──────── RECORDED DATA

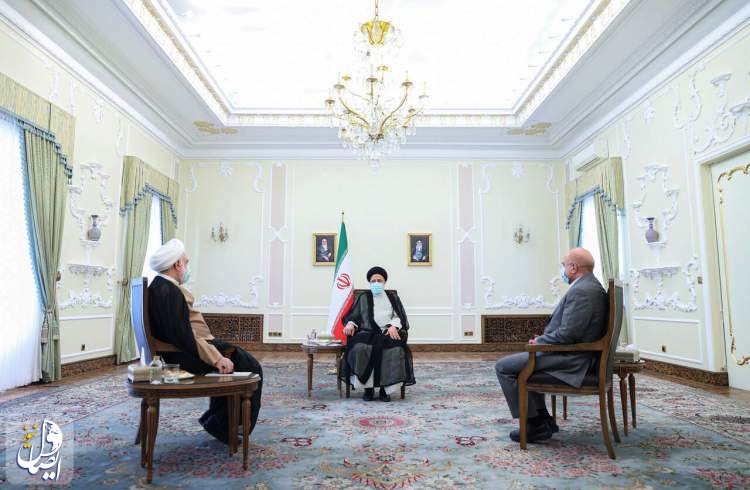 همه دستگاه‌های کشور، دولت را در اجرای برنامه‌هایش یاری کنند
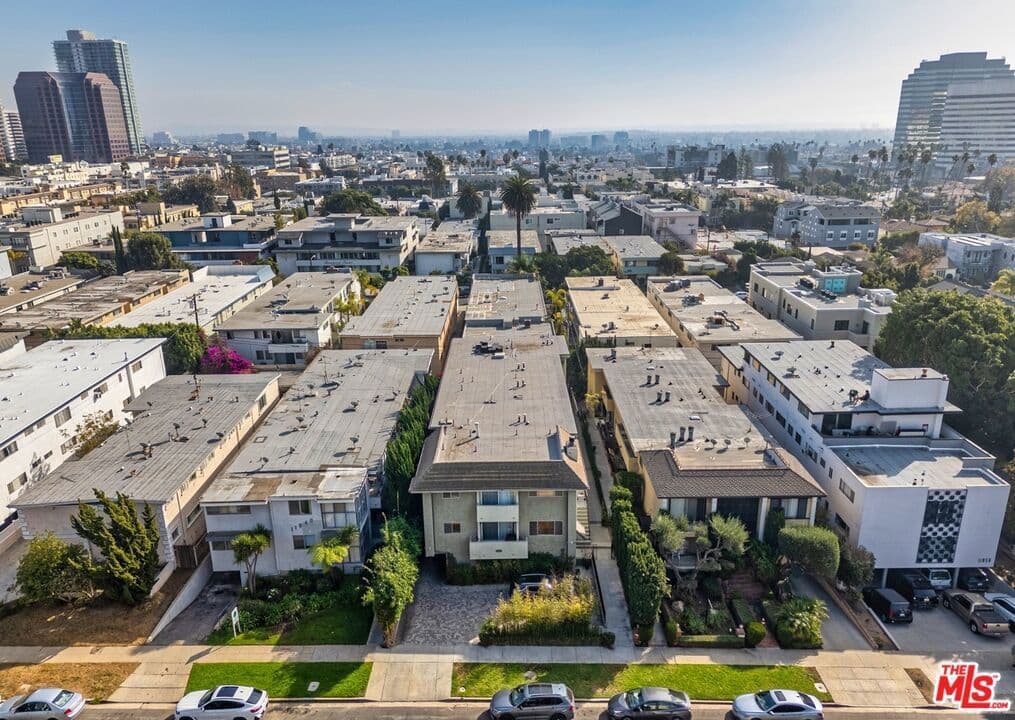 ResidentialIncome in Los Angeles — Photos 13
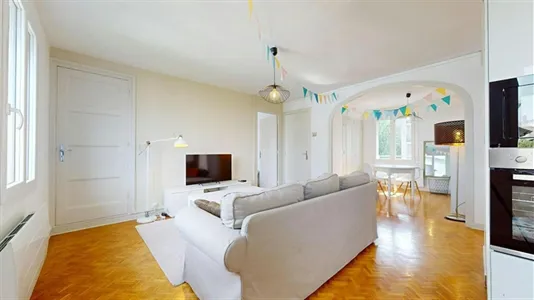 Rooms in Grenoble - photo 9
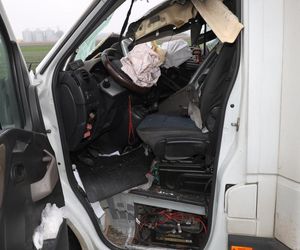 Bus wbił się w tył przyczepy traktora! O krok od tragedii na DK 62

────────────────

#### [THE TASK]
Each line above has to be returned exactly. Drop the pictures.

#### [WRITTEN RESPONSE]
 همه دستگاه‌های کشور، دولت را در اجرای برنامه‌هایش یاری کنند
 ResidentialIncome in Los Angeles — Photos 13
 Rooms in Grenoble - photo 9
 Bus wbił się w tył przyczepy traktora! O krok od tragedii na DK 62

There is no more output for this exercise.